Most of the major domestic benchmarks recorded modest gains last week, bringing the large-cap benchmarks and the tech-heavy Nasdaq to new all-time highs. The smaller-cap benchmarks lagged and remained a bit off the peaks they established early in the month. Within the S&P 500, consumer discretionary and consumer staples stocks led the gains, with the former helped by news of Disney’s purchase of much of 21st Century Fox. Materials and utilities shares lagged, and energy shares were also weak despite international oil prices climbing above $65 on Tuesday, their highest level since June of 2015. A late-November agreement between OPEC and non-OPEC member Russia to extend production cuts has pushed up prices, and recent pipeline shutdowns and other disruptions have provided further supply pressure.

Trading volumes were subdued at the beginning of the week but picked up as traders awaited the outcome of the Federal Reserve’s policy meeting. The meeting resulted in few surprises, however, with the Fed announcing its third quarter-point rate hike of the year, as was almost universally expected, while keeping its rate outlook for 2018 intact, anticipating three more hikes next year. The Fed’s failure to adjust rate expectations higher weighed on financials a bit, however, as did a soft November inflation reading.

Uncertainty over the progress of House and Senate Republicans in finalizing tax reform legislation sparked some volatility late last week. On Thursday, stocks turned lower after reports surfaced that Senator Marco Rubio would vote against the bill unless it included a larger child tax credit for low-income families. Traders seemed to regain confidence that the bill would pass, however, and financials led a rebound when trading resumed Friday morning. Republican leaders increased the child tax credit, however, and agreement was reached on Friday, pushing stocks higher to close out the week.

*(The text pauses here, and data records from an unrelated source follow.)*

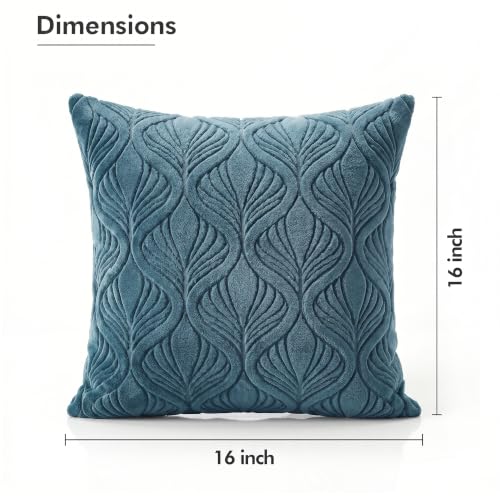 Image of Yellow Weaves Jacquard Cushion Covers | Sofa Cushion Covers | Throw Pillow Cover for Sofa, Couch, Living Room| Removable & Washable | 16x16 Inches, 1 Piece (Teal Blue)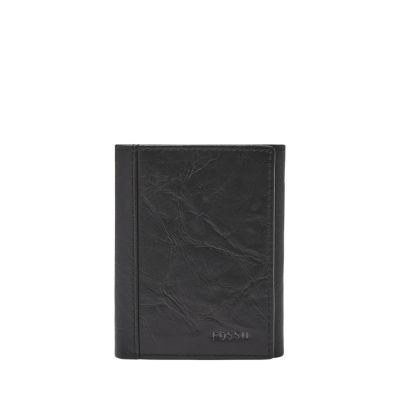 Men's Fossil Black Louisville Cardinals Neel Extra Capacity Trifold Wallet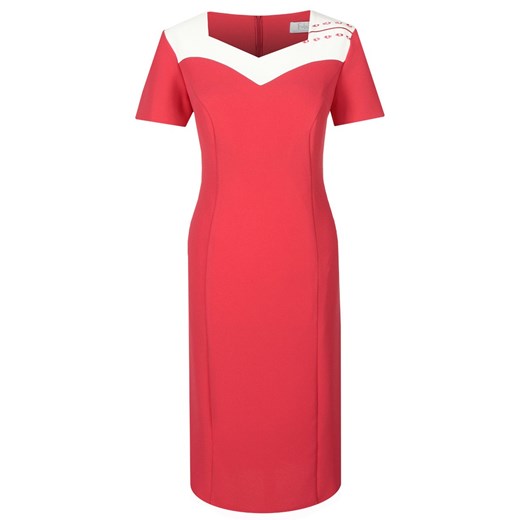 Sukienka FSU899 MALINOWY + EKRI ze sklepu fokus.pl w kategorii Sukienki - zdjęcie 186617682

Longer-term bond yields were largely unchanged last week, with strong November retail sales data helping offset soft inflation figures. Flows were light.

Major European stock indexes were modestly down last week, although the UK’s FTSE 100 recorded gains. Stocks were mixed throughout Asia. However, economic data showing that China’s growth cooled last month and several tightening measures by its central bank are the latest signs that it could be entering a long-awaited slowdown after surprisingly strong growth in 2017.